- Prompt -
Return the following from the records below: each line, word for word, starting with the line that contains "MAC protocol for" and going on through the line that contains "五行属木的人会缺木吗 缺木有什么补救方法", with nothing outside that range.

- Records shown -
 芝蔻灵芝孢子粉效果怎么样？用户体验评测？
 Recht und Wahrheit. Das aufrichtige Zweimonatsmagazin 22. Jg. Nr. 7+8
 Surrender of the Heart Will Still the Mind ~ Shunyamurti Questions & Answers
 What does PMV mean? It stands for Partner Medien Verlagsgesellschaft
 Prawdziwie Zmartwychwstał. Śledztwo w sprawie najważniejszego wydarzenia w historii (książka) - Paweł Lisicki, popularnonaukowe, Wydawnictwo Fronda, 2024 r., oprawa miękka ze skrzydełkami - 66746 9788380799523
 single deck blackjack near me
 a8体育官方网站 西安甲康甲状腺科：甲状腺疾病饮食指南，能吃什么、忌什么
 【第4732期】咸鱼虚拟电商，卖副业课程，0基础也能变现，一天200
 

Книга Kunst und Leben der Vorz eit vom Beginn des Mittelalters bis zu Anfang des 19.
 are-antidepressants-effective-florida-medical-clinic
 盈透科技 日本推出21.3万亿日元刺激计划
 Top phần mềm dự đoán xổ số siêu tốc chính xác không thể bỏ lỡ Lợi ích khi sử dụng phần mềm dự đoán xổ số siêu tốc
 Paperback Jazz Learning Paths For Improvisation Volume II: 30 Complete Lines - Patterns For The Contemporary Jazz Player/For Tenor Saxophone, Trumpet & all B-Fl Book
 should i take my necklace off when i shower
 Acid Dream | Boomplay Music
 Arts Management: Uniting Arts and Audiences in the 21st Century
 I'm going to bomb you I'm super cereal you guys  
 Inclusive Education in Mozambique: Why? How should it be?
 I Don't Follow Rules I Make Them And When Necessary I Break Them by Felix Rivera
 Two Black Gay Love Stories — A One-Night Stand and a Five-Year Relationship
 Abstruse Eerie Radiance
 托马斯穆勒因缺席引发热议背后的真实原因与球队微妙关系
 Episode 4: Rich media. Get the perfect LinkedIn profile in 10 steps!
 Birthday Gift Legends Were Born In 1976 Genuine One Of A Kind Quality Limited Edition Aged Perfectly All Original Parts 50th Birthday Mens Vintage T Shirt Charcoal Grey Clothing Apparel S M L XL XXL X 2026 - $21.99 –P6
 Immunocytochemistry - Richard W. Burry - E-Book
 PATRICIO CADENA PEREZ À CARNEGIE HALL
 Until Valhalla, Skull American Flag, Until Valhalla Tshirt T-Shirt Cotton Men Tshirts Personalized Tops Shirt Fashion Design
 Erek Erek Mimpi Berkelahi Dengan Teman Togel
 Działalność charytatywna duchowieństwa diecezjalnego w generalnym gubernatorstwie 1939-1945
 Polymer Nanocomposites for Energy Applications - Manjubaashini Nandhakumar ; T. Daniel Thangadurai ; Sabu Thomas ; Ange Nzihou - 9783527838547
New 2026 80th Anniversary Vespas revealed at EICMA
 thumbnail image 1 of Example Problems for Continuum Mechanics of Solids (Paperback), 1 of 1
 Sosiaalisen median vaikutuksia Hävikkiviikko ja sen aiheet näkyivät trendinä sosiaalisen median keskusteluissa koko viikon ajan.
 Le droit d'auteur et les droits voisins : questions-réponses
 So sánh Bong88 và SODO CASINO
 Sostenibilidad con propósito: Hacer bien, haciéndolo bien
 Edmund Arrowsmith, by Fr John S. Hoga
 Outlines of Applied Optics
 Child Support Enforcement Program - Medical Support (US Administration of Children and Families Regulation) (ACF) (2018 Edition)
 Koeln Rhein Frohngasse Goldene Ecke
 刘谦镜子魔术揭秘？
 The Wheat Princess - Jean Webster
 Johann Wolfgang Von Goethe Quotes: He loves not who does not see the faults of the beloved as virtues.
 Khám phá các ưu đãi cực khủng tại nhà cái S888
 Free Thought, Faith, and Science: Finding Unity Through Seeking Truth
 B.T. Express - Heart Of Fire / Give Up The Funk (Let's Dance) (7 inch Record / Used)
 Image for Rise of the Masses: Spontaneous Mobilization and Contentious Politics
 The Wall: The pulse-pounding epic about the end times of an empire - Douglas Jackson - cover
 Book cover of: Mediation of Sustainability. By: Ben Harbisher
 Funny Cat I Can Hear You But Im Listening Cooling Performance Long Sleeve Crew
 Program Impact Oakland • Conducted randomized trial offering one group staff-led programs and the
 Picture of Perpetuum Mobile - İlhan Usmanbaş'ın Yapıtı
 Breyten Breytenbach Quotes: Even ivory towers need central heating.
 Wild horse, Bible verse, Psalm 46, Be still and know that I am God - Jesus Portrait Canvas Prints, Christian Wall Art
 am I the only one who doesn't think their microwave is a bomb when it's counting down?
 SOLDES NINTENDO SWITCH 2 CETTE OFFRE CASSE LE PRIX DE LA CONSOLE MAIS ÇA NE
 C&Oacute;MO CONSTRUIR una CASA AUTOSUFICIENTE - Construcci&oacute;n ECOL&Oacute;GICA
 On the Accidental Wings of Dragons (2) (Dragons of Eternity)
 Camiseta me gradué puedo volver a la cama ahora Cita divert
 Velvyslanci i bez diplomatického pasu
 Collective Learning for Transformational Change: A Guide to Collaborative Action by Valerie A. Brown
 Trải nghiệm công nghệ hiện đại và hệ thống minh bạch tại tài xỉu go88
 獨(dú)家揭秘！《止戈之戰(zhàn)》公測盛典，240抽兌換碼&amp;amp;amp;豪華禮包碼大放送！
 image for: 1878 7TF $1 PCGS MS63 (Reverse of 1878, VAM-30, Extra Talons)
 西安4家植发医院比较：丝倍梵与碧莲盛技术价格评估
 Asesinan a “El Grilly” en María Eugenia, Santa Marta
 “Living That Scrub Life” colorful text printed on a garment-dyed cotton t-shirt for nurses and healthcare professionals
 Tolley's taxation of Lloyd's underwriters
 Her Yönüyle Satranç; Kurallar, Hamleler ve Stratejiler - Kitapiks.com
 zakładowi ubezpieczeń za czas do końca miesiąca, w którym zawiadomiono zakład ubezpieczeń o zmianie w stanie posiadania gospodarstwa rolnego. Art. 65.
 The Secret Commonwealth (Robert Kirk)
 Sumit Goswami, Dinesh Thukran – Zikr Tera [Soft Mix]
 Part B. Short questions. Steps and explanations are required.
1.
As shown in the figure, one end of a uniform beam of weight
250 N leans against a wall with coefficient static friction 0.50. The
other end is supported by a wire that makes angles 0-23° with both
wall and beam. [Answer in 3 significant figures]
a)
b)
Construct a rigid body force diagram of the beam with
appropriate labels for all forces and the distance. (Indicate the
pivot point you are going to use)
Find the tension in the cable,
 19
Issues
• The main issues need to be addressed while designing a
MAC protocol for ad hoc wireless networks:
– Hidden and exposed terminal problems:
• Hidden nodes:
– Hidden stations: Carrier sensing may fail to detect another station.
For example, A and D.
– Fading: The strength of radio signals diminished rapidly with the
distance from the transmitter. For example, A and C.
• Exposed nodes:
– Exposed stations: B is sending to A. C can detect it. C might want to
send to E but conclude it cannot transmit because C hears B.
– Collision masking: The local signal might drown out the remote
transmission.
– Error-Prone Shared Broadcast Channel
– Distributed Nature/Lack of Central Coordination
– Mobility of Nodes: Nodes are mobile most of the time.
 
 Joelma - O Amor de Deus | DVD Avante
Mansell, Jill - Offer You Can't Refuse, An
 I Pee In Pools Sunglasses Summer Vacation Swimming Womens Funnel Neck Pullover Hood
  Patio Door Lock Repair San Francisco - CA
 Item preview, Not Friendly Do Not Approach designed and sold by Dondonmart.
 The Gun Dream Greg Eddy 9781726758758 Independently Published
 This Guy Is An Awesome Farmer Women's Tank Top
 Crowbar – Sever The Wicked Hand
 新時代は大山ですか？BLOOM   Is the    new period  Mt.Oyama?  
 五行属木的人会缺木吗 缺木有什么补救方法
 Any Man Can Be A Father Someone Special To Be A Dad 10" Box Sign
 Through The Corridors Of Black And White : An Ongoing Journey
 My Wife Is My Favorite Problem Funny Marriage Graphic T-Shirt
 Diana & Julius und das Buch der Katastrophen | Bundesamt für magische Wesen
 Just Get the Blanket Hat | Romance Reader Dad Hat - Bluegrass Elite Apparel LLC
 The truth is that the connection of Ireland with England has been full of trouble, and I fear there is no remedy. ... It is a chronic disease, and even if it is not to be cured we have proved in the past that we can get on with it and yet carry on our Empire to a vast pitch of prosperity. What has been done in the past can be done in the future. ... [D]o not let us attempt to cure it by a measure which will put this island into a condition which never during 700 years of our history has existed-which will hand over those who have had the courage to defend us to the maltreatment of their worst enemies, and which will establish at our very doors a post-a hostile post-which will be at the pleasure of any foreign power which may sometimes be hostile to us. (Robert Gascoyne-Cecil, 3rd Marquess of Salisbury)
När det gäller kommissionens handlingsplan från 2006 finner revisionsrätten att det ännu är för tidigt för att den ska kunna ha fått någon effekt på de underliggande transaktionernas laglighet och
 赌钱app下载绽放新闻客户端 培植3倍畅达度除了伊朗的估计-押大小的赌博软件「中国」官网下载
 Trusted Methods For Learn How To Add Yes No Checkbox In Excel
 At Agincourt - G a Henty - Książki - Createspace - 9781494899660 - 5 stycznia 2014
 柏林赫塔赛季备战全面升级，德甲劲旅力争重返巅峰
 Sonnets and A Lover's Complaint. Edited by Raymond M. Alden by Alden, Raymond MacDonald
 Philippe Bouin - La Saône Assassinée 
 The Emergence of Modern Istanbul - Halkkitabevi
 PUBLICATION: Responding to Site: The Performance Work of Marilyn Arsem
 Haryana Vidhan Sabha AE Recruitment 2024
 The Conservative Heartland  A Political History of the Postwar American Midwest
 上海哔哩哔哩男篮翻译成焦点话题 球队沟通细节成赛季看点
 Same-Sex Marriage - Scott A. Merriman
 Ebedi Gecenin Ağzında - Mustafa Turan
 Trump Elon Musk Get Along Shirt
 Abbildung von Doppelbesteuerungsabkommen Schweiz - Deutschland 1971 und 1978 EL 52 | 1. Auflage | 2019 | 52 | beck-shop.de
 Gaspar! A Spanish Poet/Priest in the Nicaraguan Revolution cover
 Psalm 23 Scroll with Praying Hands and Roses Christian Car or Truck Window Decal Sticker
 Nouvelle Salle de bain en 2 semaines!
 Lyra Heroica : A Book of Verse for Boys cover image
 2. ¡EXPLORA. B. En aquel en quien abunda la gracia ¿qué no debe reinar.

- Response for this exercise -
MAC protocol for ad hoc wireless networks:
– Hidden and exposed terminal problems:
• Hidden nodes:
– Hidden stations: Carrier sensing may fail to detect another station.
For example, A and D.
– Fading: The strength of radio signals diminished rapidly with the
distance from the transmitter. For example, A and C.
• Exposed nodes:
– Exposed stations: B is sending to A. C can detect it. C might want to
send to E but conclude it cannot transmit because C hears B.
– Collision masking: The local signal might drown out the remote
transmission.
– Error-Prone Shared Broadcast Channel
– Distributed Nature/Lack of Central Coordination
– Mobility of Nodes: Nodes are mobile most of the time.
 
 Joelma - O Amor de Deus | DVD Avante
Mansell, Jill - Offer You Can't Refuse, An
 I Pee In Pools Sunglasses Summer Vacation Swimming Womens Funnel Neck Pullover Hood
  Patio Door Lock Repair San Francisco - CA
 Item preview, Not Friendly Do Not Approach designed and sold by Dondonmart.
 The Gun Dream Greg Eddy 9781726758758 Independently Published
 This Guy Is An Awesome Farmer Women's Tank Top
 Crowbar – Sever The Wicked Hand
 新時代は大山ですか？BLOOM   Is the    new period  Mt.Oyama?  
 五行属木的人会缺木吗 缺木有什么补救方法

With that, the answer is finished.